*** Opening of Supplied information ***
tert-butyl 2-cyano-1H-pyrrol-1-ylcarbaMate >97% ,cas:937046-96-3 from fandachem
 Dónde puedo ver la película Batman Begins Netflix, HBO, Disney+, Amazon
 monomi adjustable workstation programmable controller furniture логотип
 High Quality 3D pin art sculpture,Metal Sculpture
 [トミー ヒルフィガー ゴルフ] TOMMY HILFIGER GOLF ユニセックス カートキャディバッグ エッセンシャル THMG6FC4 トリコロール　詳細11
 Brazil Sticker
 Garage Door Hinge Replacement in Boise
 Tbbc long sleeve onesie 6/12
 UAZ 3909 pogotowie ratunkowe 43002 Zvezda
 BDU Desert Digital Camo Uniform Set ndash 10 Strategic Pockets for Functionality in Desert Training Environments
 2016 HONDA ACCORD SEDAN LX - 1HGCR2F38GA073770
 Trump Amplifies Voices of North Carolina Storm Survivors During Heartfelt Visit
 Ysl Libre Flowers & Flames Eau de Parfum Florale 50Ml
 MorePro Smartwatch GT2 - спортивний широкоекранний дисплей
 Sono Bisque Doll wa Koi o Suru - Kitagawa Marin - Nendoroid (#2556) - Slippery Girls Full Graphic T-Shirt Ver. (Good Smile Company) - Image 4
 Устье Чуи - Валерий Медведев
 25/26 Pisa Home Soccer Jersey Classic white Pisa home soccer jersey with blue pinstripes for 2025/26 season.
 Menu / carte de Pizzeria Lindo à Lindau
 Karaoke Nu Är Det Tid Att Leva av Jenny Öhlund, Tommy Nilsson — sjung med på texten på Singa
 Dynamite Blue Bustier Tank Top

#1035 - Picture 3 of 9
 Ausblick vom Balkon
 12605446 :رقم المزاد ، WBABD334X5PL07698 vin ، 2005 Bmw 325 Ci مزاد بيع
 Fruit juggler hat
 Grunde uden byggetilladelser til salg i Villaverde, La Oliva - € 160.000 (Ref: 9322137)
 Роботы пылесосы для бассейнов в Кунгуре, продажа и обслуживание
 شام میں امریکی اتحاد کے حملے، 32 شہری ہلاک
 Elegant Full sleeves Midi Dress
*** Close of Supplied information ***
Problem details:
Filter the entries down to the lines that hold "Full". Copy those lines.

Answer:
 Sono Bisque Doll wa Koi o Suru - Kitagawa Marin - Nendoroid (#2556) - Slippery Girls Full Graphic T-Shirt Ver. (Good Smile Company) - Image 4
 Elegant Full sleeves Midi Dress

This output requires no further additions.